** Data follows **

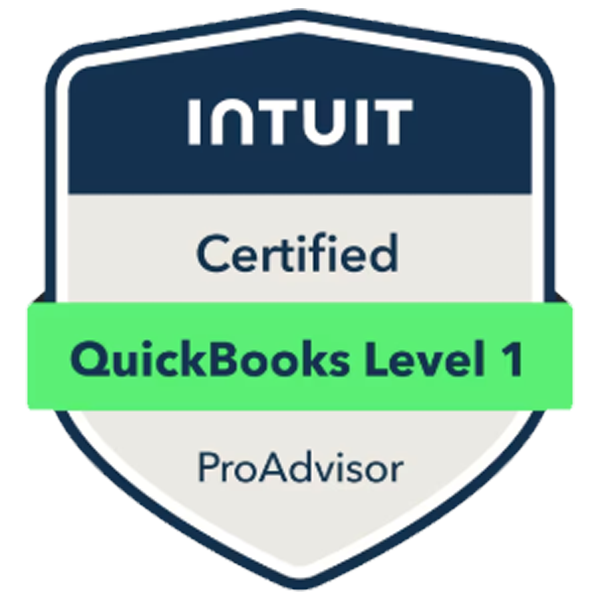 Intuit Certified QuickBooks ProAdvisor Level 1 Badge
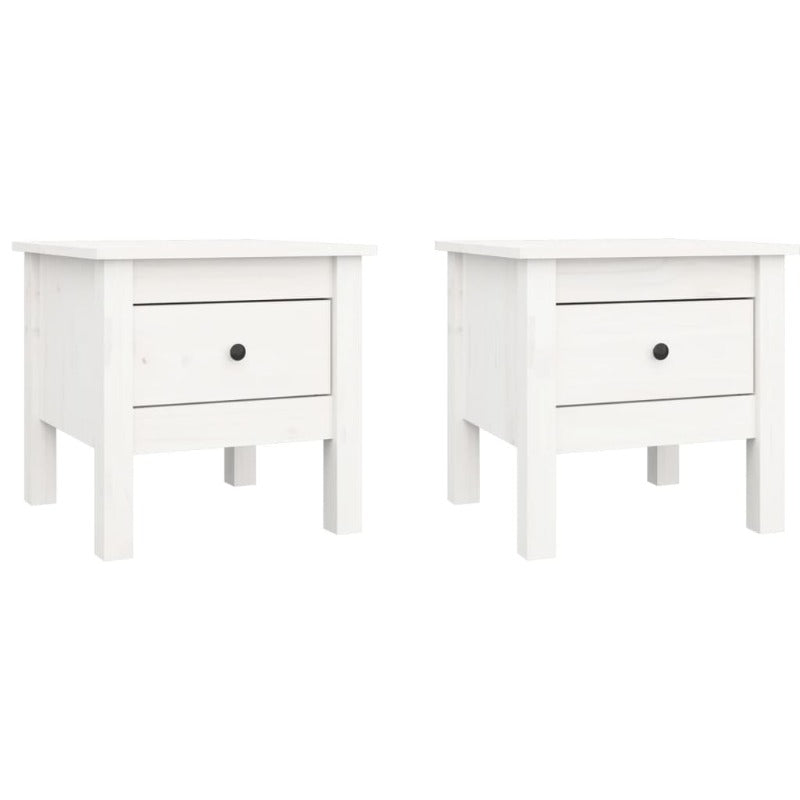 2 Pcs White 40X40x39 Cm Solid Wood Pine Side Tables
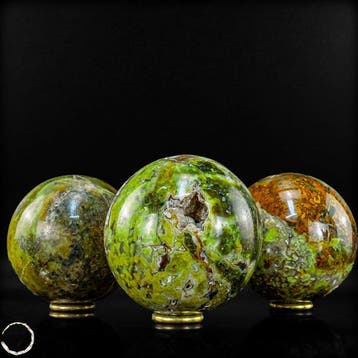 Groen Opal-Set – Drie bollen van natuursteen in tijdloze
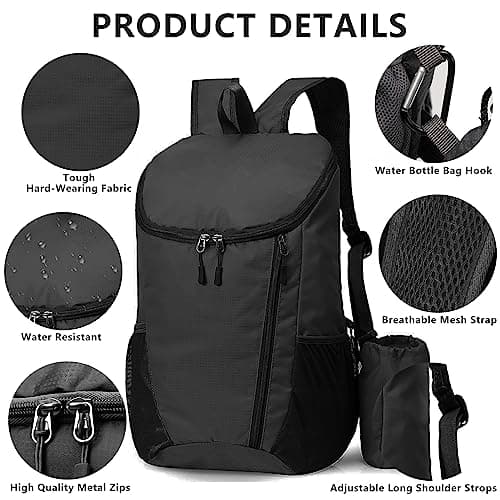 Yoolly Lightweight Foldable Backpack, Small Hiking Rucksack, Waterproof Packable Backpack for Men Women Kids, Durable Rucksack for Outdoor Sport Travelling Hiking Camping Biking Walking (Black) — view 3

** End of Data **

## Work to be completed
Restating the data word for word is the task, and pictures are to be omitted.

## Output
 Intuit Certified QuickBooks ProAdvisor Level 1 Badge
 2 Pcs White 40X40x39 Cm Solid Wood Pine Side Tables
 Groen Opal-Set – Drie bollen van natuursteen in tijdloze
 Yoolly Lightweight Foldable Backpack, Small Hiking Rucksack, Waterproof Packable Backpack for Men Women Kids, Durable Rucksack for Outdoor Sport Travelling Hiking Camping Biking Walking (Black) — view 3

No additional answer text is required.